C’est la principale révolution du décret adopté le 13 mai 2016. Si la mesure reste facultative, le gouvernement ouvre la voie au prêt accordé en fonction de la valeur du bien. Le texte prévoit que les établissements bancaires pourront, dès le 1er juillet 2016, faire appel à un expert indépendant, chargé de déterminer le prix réel du logement, afin d’accorder le montant le plus exact possible à l’emprunteur. La pratique n’est pas nouvelle. Quelques rares établissements bancaires y recourent déjà.
Sur le sujet, les professionnels sont divisés. Si certains estiment qu’il est nécessaire de permettre à l’emprunteur de connaître la valeur réelle de son bien, d’autres craignent une exclusion des primo-accédants du marché immobilier, les jeunes acquéreurs disposant souvent de peu de marge de manœuvre lors de l’achat d’un premier logement.
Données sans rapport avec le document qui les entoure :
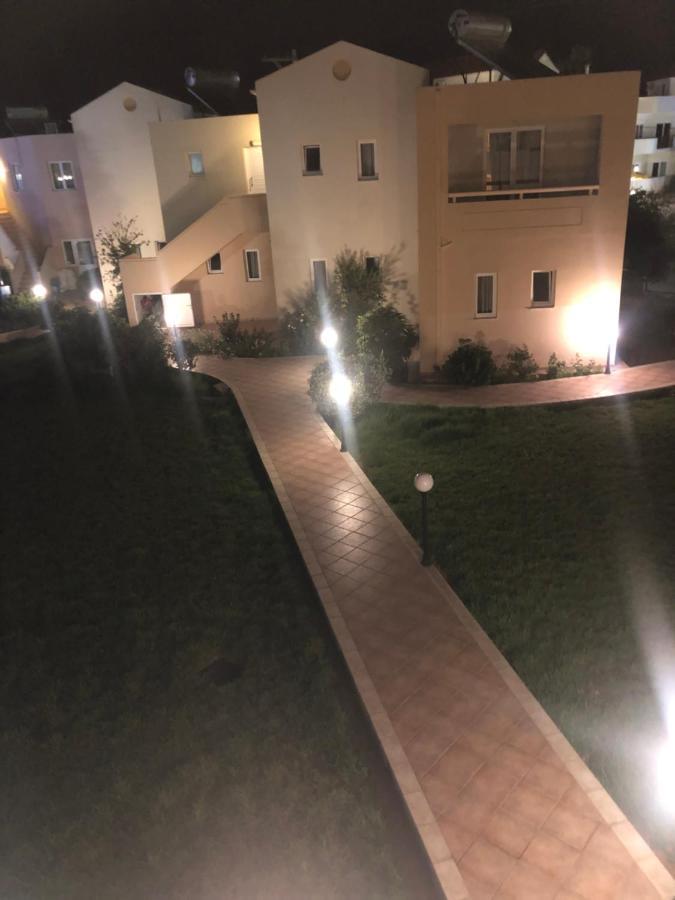 Dimitris Apartments Platanés Dış mekan fotoğraf
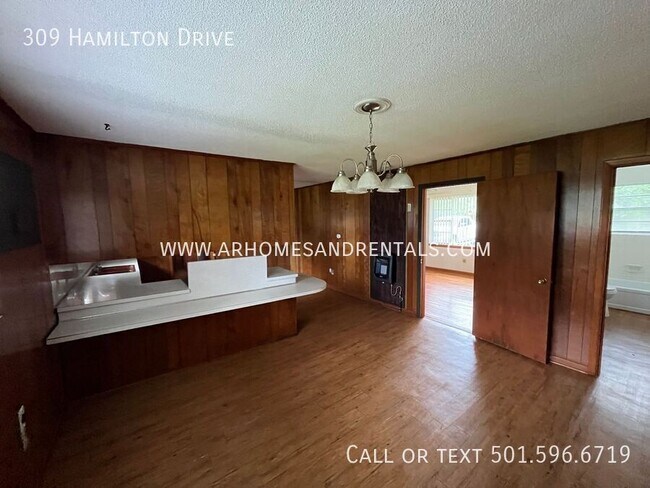 Foto del edificio - 309 Hamilton Dr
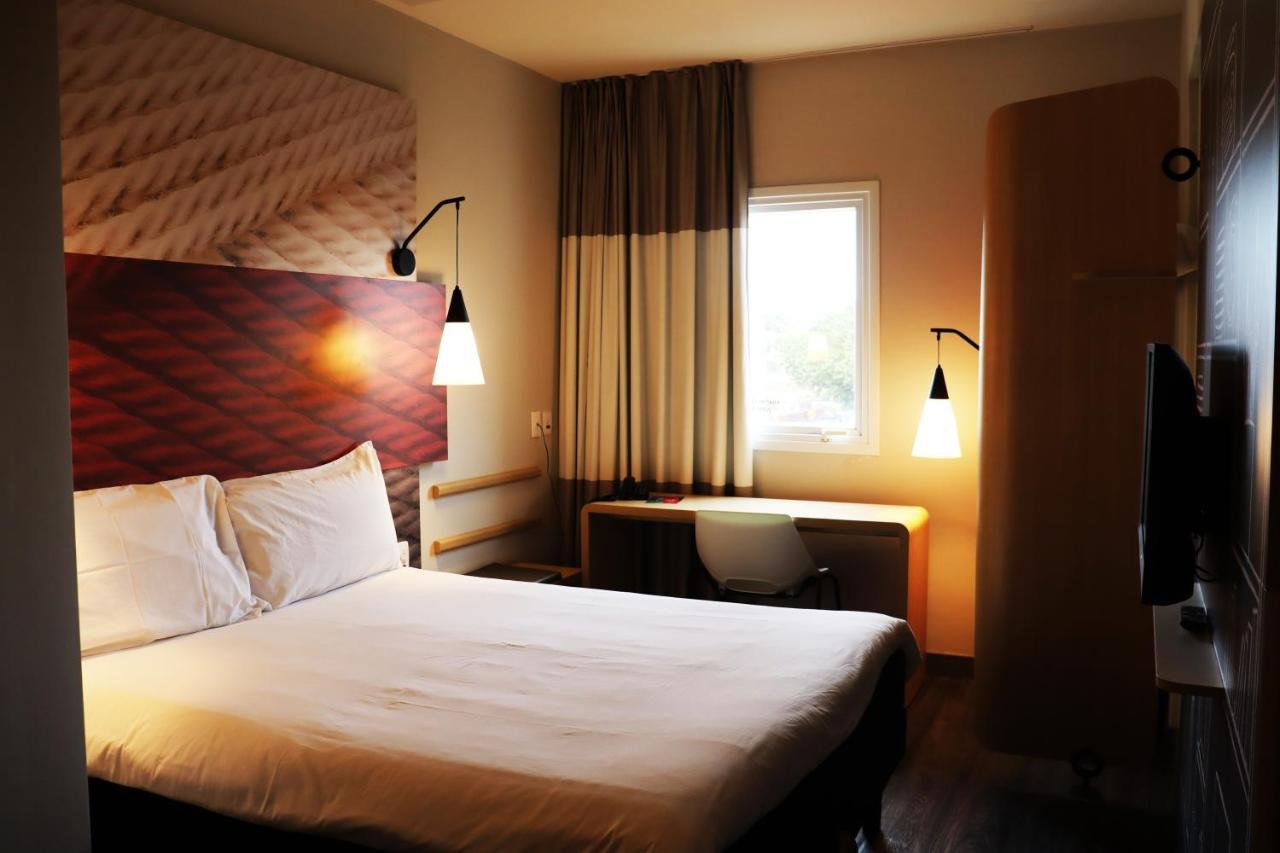 Ibis Guaxupe Hotell Exteriör bild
Qu’il s’agisse des informations à fournir aux emprunteurs ou du contrôle de leur solvabilité, les contrats de prêt seront enrichis entre le 1er juillet 2016et ce jusqu’au 1er octobre de la même année. Un formulaire de demande de prêt précontractuel et standardisé arrivera à l’automne. En attendant, dès l’été, les banques présenteront dans les contrats "un exemple représentatif du montant total du crédit, du coût total du crédit pour l'emprunteur, du montant total dû par l'emprunteur et du taux annuel effectif global" ou encore "l'indication d'autres coûts éventuels supportés par l'emprunteur en lien avec le contrat de crédit qui ne sont pas compris dans le coût total du crédit", etc.
Des services de conseil aideront les particuliers dans leurs choix de contrats et devront préciser s’ils sont ou non indépendants. Des nouveautés qui préoccupent certains professionnels qui disposent de peu de temps pour être en règle. Ces derniers ne manquent d’ailleurs pas de rappeler que le système bancaire français a fait ses preuves et qu’il n’est nullement besoin de le sécuriser davantage.
Le mode de calcul du TAEG (taux annuel effectif global), ainsi qu’un encadrement de la publicité pour le crédit immobilier, entreront en vigueur le 1er octobre 2016. (Cliquez pour agrandir).
Si cette première réforme devrait être indolore pour la plupart des particuliers elle est la première étape d’un processus d’homogénéisation du secteur du crédit immobilier à l’échelle européenne. Le Comité de Bâle, organisme en charge du contrôle bancaire européen, a depuis quelques temps dans son viseur le système de distribution de prêts immobiliers français et ses spécificités.
Parmi les grandes décisions qui pourraient marquer un tournant, celle de passer des taux fixes aux taux variables. Les risques seraient ainsi portés non plus par les banques, mais par les acquéreurs. Une mesure qui, associée à la généralisation de la garantie hypothécaire, permettrait aux banques de doubler leurs fonds propres et résister à une éventuelle crise économique à venir. Mais comme le rappelle le secrétaire d’Etat au Budget Christian Eckert "l'an dernier, notre taux d'impayés était le plus faible d'Europe, cinq fois plus faible qu'en Allemagne et quinze fois plus faible qu'au Royaume-Uni, en Espagne ou en Italie".
Le Sénat a déjà voté une proposition de résolution présentée par le groupe socialiste et adoptée à l’unanimité le 20 mai 2016pour protester contre les décisions des hautes instances européennes.
L’Assemblée nationale devrait en faire de même ce lundi 13 juin 2016. Un geste fort, mais dont l’impact auprès du Comité de Bâle demeure limité.